Industry responds to government EV inquiry
- Posted by: Alan Feldberg
- Category: News
The industry has responded to the House of Lords Climate Change Committee’s electric vehicle inquiry, which is seeking to understand how the 2030 ban on the sale of new petrol and diesel can be achieved.
The Petrol Retailers Association (PRA), NFDA and IMI have all submitted responses, which will be considered as the government considers the challenges to EV uptake.
Gordon Balmer, executive director of the PRA, said: “The PRA is supportive of the need to decarbonise the economy and achieve Net Zero, but we are increasingly sceptical of the country’s ability to do so in the defined time period given that certain targets are not being met.
“Retailers need more clarity concerning timeframes and how realistically they can be achieved, given how far behind we are on our infrastructure targets. PRA members support decarbonisation but recognise the need for more realistic interim measures that would gauge our progress towards it.”
Meanwhile, the IMI has emphasised the need for upskilling.
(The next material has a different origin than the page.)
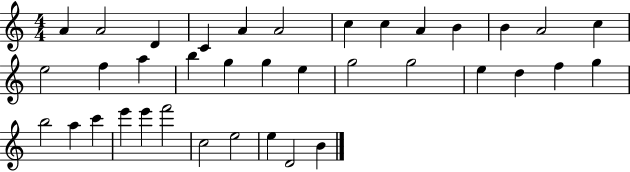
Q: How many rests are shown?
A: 0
Hayley Pells, policy and public affairs lead of the IMI, said: “The response from the IMI is based on the professional body’s specific focus on skills, and the unintended consequences of a possible trust deficit between automotive sector professionals and the government should the deadline be moved.
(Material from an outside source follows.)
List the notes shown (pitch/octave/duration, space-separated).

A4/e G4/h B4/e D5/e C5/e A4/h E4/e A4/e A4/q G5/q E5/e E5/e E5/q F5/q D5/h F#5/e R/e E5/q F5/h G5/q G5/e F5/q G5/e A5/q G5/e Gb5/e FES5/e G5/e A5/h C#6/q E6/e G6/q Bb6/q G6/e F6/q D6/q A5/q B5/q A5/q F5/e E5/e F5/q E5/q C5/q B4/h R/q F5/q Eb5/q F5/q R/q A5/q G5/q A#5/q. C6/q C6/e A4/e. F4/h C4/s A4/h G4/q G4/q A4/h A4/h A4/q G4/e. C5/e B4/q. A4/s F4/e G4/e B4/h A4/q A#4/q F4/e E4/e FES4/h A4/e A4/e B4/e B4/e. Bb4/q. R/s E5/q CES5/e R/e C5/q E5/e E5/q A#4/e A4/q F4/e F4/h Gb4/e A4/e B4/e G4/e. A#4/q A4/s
“Policies like the ‘Electricity at Work Regulation’ and the emphasis on Continuous Professional Development (CPD) have set high standards. However, if the anticipated growth in the EV sector doesn’t materialise, professionals may find their skills underutilised, leading to potential career stagnation. The obligation to CPD also places a financial strain on the skilled community without the anticipated ROI to support it. If the dates are extended, government would need to consider how this obligation could be borne by the skilled professional community.”
The NFDA meanwhile has revealed that its own survey identified a lack of charging infrastructure as the key obstacle to EV uptake, with 87% of franchised dealers saying it is affecting the deadline a ‘great deal’.
Further, 65% said EV costs are affecting the deadline.